— Material provided —
=====

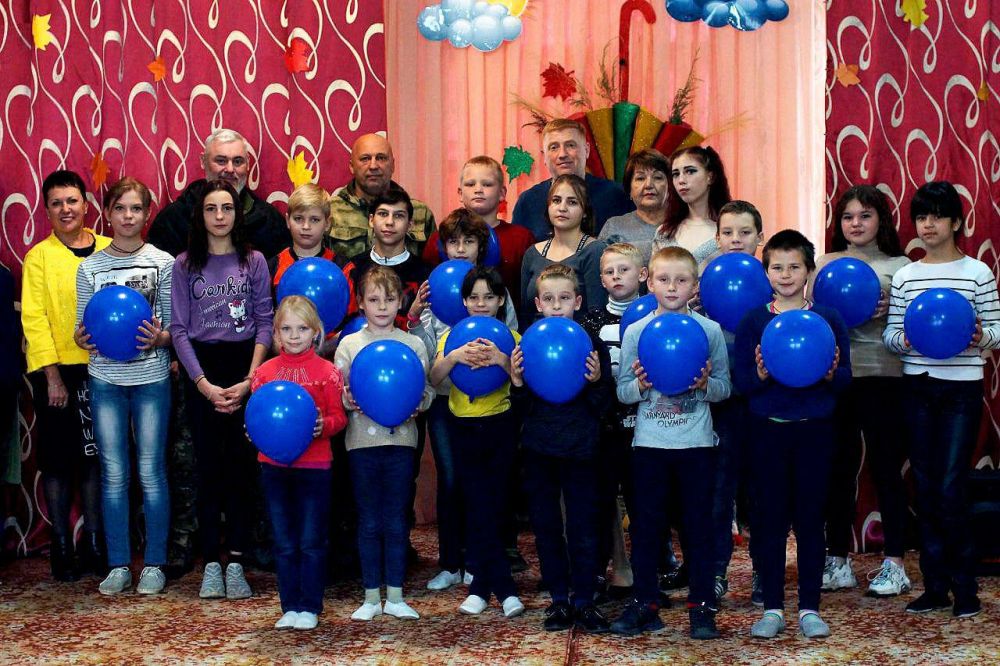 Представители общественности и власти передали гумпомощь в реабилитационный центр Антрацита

=====

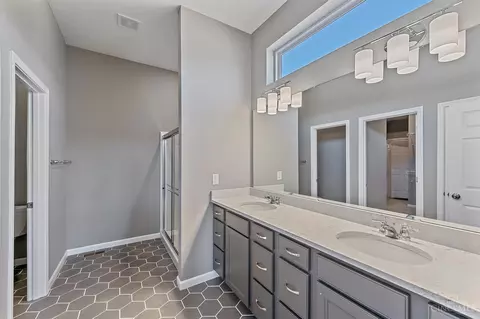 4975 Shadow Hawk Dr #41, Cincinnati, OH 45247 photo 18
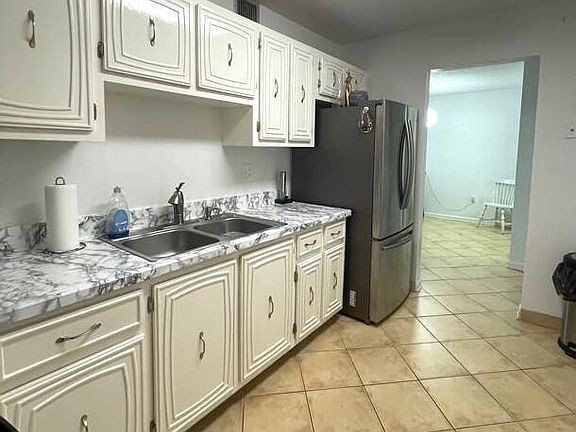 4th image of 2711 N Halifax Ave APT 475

=====

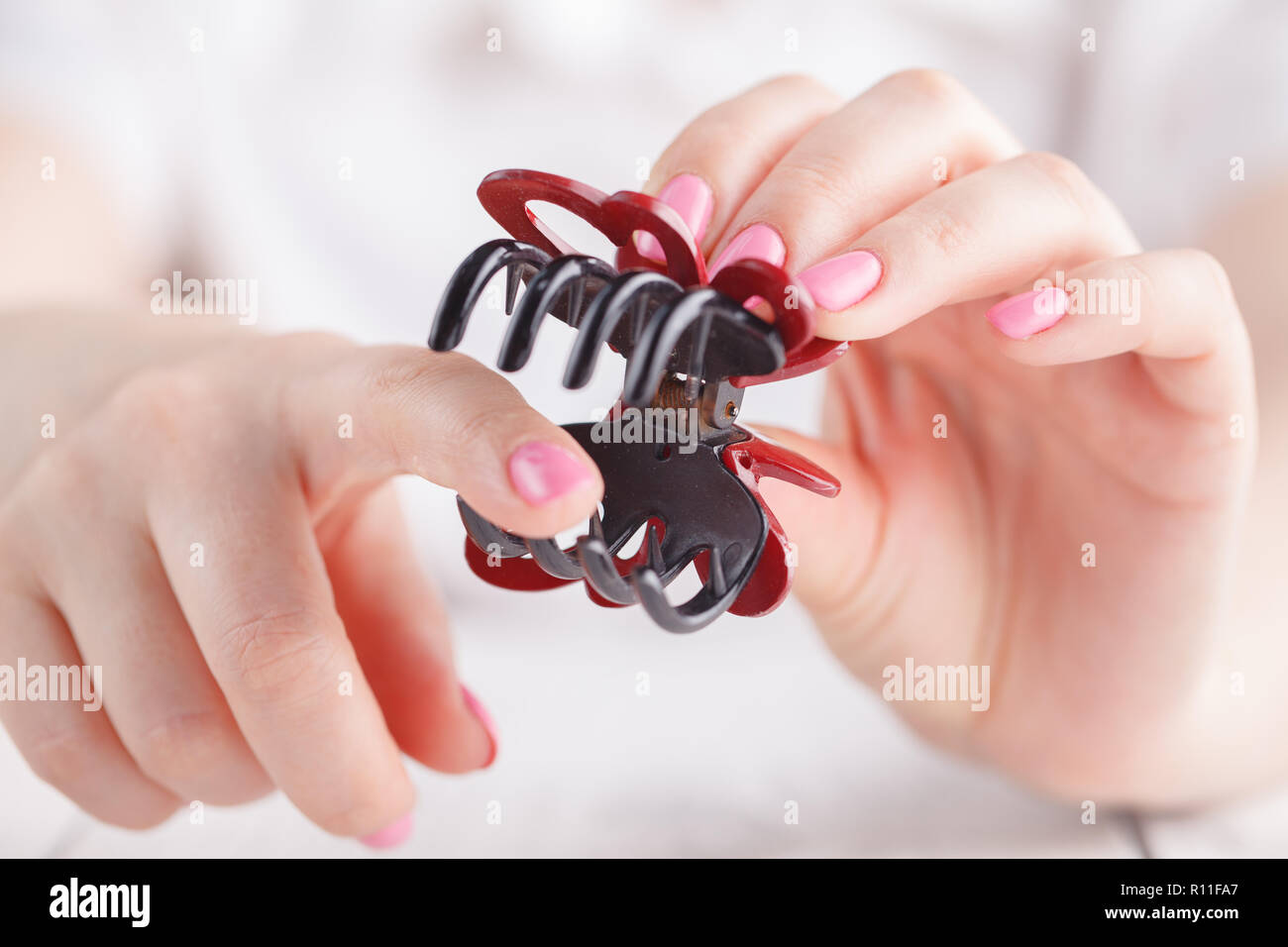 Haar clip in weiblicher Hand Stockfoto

=====

— Instructions to follow —
Using the entries above, transcribe exactly from the line that has "4975 Shadow Hawk" through the line that has "4th image of 2711 N Halifax Ave APT 475". Pictures are dropped.

— Your solution —
 4975 Shadow Hawk Dr #41, Cincinnati, OH 45247 photo 18
 4th image of 2711 N Halifax Ave APT 475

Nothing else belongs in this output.